In the nine panoramic photographs that make up "All the Worlds," Susan Wides tracks her lens on our everyday drama and urban spectacle as both observers and participants in the "theatrum mundi" of our city’s streets. She illuminates the moments of struggle and transcendence in the many worlds that we collectively experience–the cultural, global, corporate consumer, and natural.

At a time when it’s possible to do almost anything virtually, Wides reveals the poignancy of our human desire to be in our environment, to feel "in the heart of the multitude…in the midst of the fugitive and the infinite," as Baudelaire said about the passionate city spectator, the flaneur. She chooses a perch above the drama. At this distance her lens blends her subjects with their surroundings to express the interconnectivity of culture and humanity, as well as space itself.
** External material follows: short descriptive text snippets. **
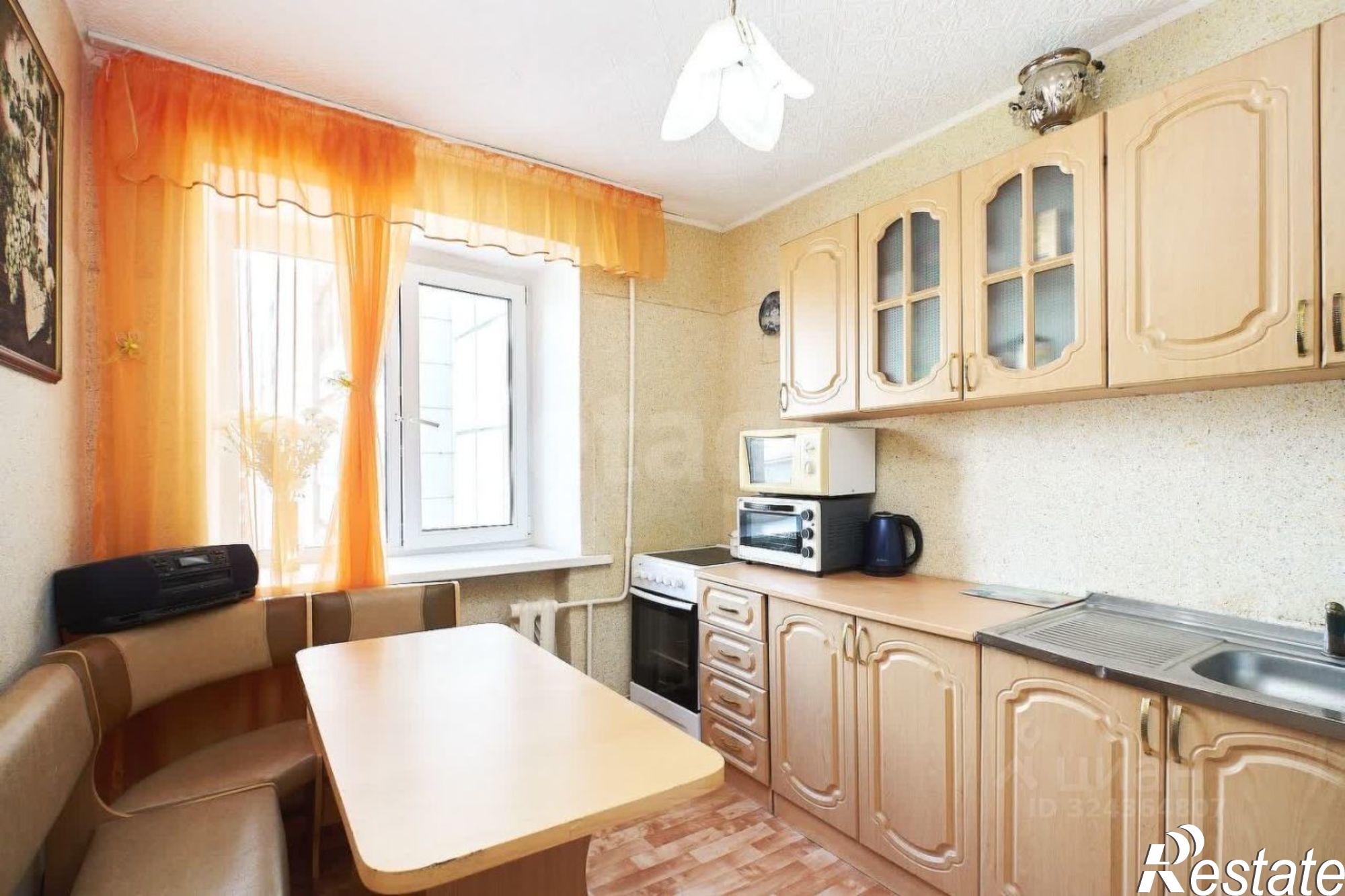 Купить квартиру за 6 200 000 рублей на Холодильная улица, 136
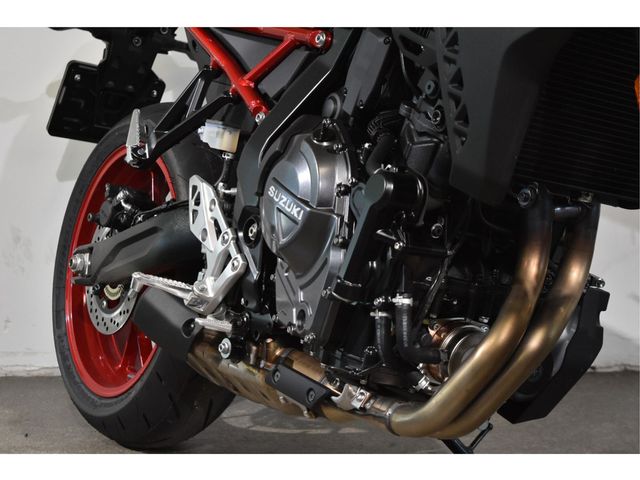 suzuki - gsx-8s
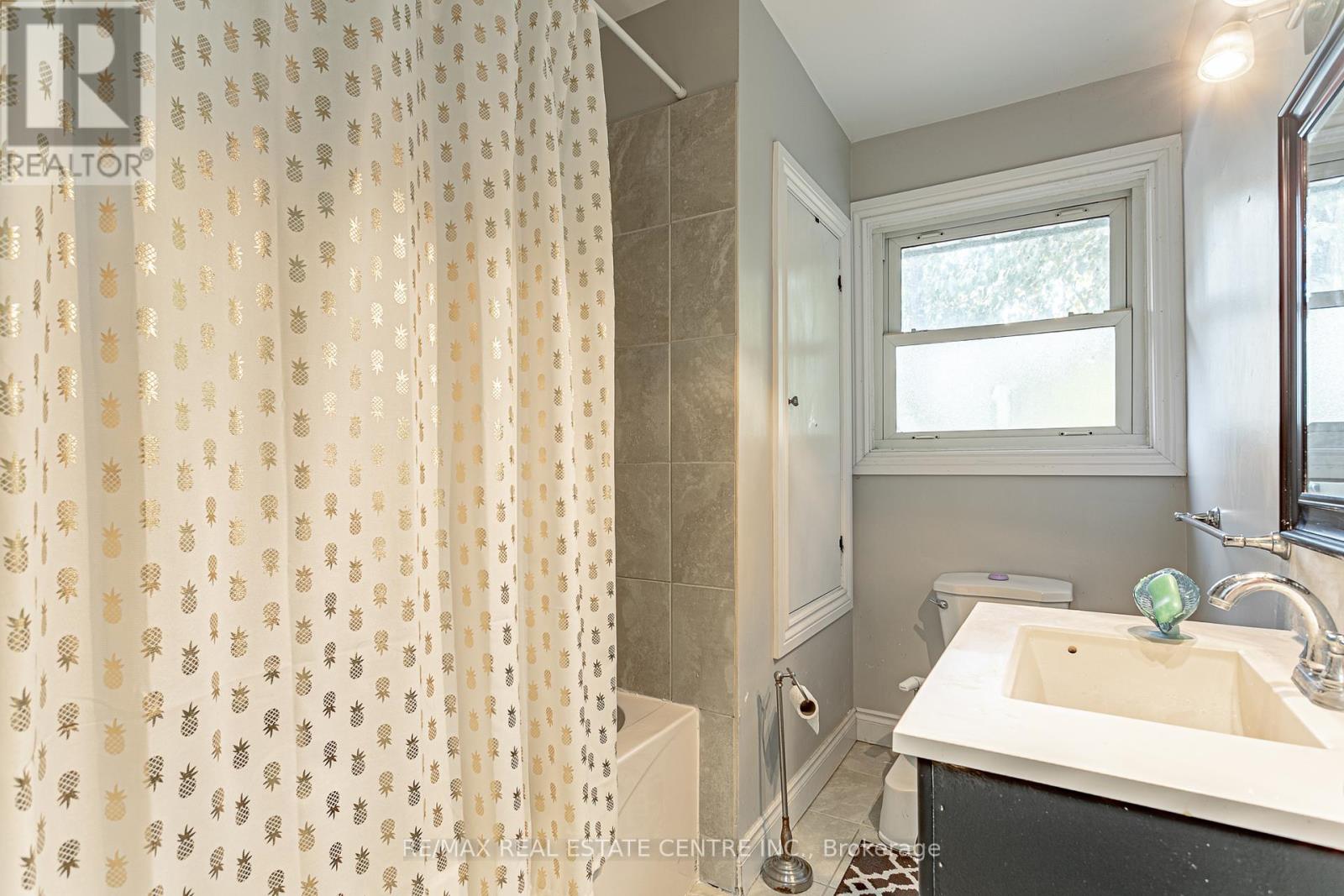 1235 Toukay Crescent, London East, Ontario  N5V 2X8 - Photo 10 - X12415522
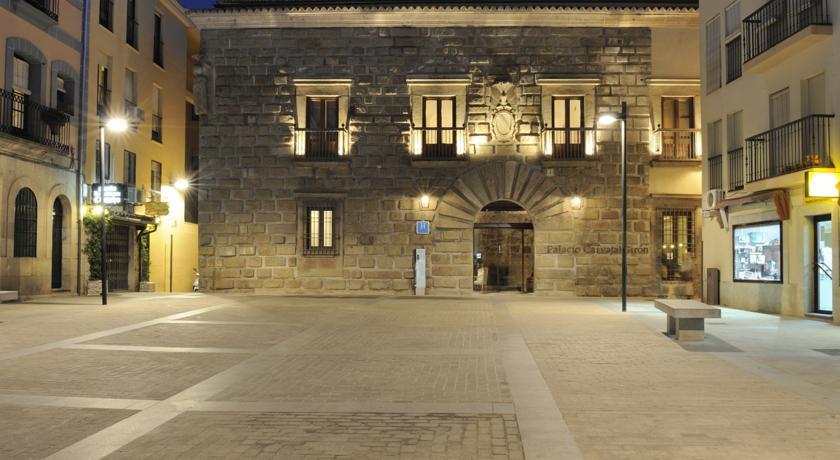 Отель Palacio Carvajal Girón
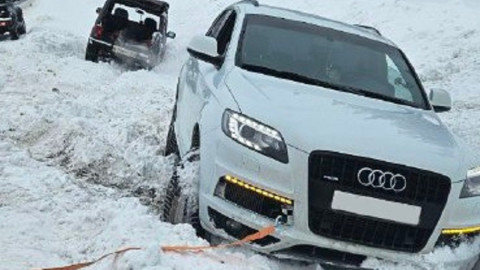 машина в кювете после аварии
Through the dynamic tension she creates between icon and abstraction, Wides shows us that we live in a coded world. We see these abstractions through Wides’ lens manipulations (in "Times Square", for example) where corporate and media icons are brought into sharp focus, while individuals are left vague and spectral. We see it through her use of color to communicate the tone of our social relationships, the spectrum of consumer experiences. It is also evident in Wides’ less crowded images, where she deconstructs the composition, emphasizing the spare to express the essential.

All the Worlds is part of Wides’ ongoing "I, Mannahatta" project about New York, where she re-imagines the ever-shifting cultural and social landscape of the city and surrounding areas. Here, Wides homes in on sensation, happening–people and place, energy, light, and space—as expressed across the "theatrum mundi". These are our worlds at their vital core.